The gradual decrease of mortgage interest tax relief could drive out ‘amateur’ landlords from the property market and place £28bn into personal pensions, a provider has said.

One in five buy-to-let landlords are planning to sell up in the next five years due to policies impacting their profitability, such as the 3 per cent increase in stamp duty on second homes brought in in April 2016, and a phasing down of mortgage interest tax relief to 20 per cent, according Aegon.

This could lead to landlords beginning to re-think their investment strategy, the provider said.

According to Aegon, the average property price sits at £225,000, meaning if a landlord releases one quarter of this upon selling the property, they could pay £56,250 into a personal pension net of tax. For higher taxpayers, this turns into £93,750 after claiming tax relief.

While there is a cap of £40,000 on how much can be paid into a pension each year tax free, those who have not used their allowance in the previous three years can catch up, meaning they can pay in up to £160,000, including tax relief.

Multiplying the £56,250 figure by the estimated 500,000 investors planning on selling equates to £28.1bn.

Steven Cameron, pensions director at Aegon, said: “The landscape for landlords has changed significantly in the last two years.

“Having a buy to let property has been seen by some investors as an alternative to saving in a pension.
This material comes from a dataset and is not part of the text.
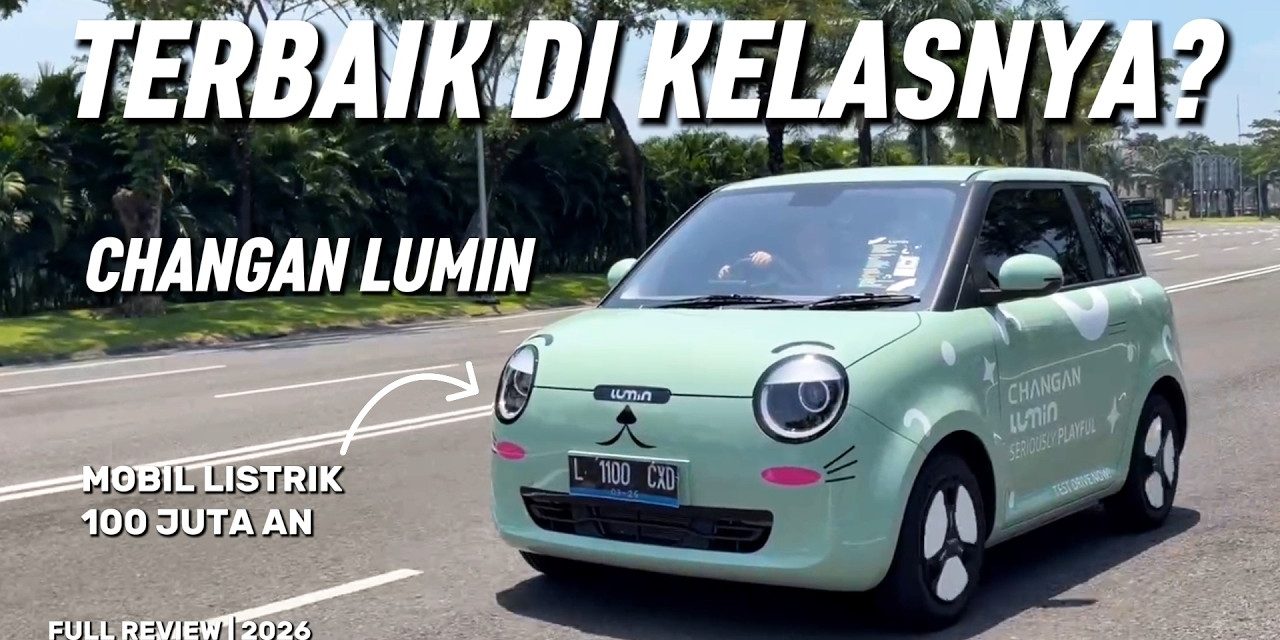 Test Drive Changan Lumin: Mobil Listrik Yang Gesit Di Jakarta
Investors turned to the property market in a bid to secure better returns as property values rose considerably, albeit with significant geographical variations.
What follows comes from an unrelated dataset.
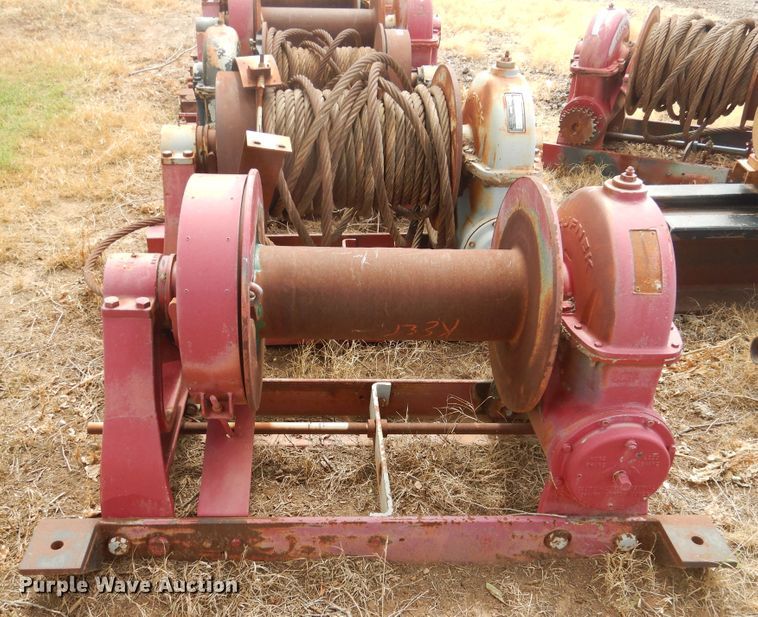 image for item EX9565 Tulsa Rufnek  winch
“However, tax and regulatory changes and the prospect of rising interest rates is prompting 1 in 5 to consider selling.”

He said those holding property to fund their retirement in the first place may wish to put the money in a pension instead.

But Alistair Wilson, head of retail platform strategy at Zurich, said landlords should be wary of breaching their annual allowance limit, currently set at £40,000.
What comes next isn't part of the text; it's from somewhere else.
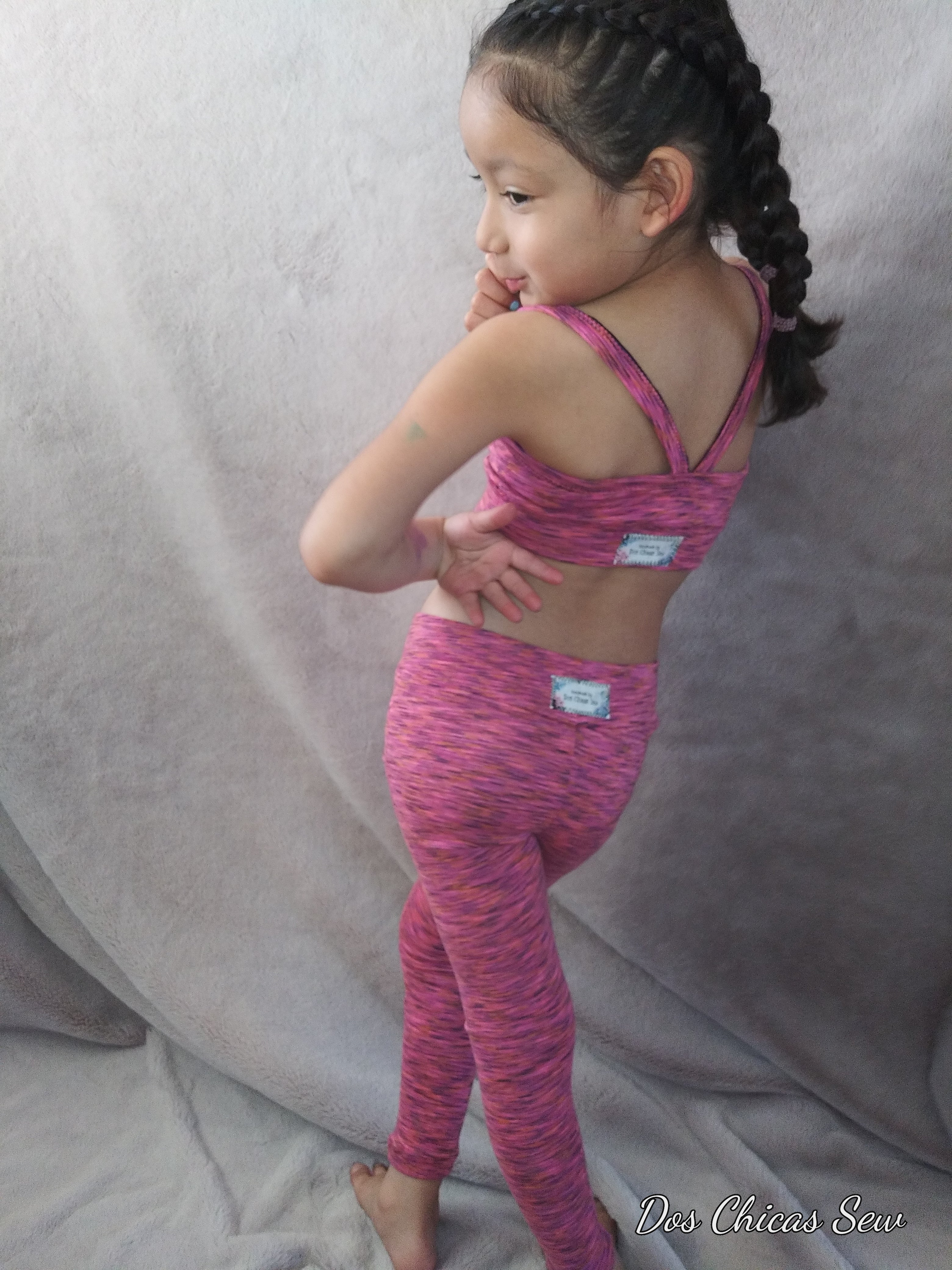 Kids Sunshine Leggings Pattern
He said: “For many landlords, using the proceeds from a property sale to boost their pension is likely to make good financial sense, especially as they get a 20 per cent bonus in tax relief from the government.

“However, they should be wary of exceeding their annual allowance, or they will lose this top-up.”

Mr Wilson said one of the winners of any trend from property to pensions was likely to be investment platforms, which would see a boost in inflows as more and more people invest their pensions via platforms.

“We may also see a boost in demand for property funds, as investors seek a similar replacement for their bricks and mortar investment,” he added.

Phil Smith, director and group chief executive of provider Embark Group, said any tax policy influencing net yields could be expected to impact investor actions greatly.

He said: “Buy to let property investors have been progressively and negatively impacted in recent years, and it is only the low cost of debt that has kept them in the game.

“As debt costs rise, switching accumulated equity into pension contributions, taking eligible tax relief at source, and then investing into non-residential property is now exceptionally attractive when comparing like to like.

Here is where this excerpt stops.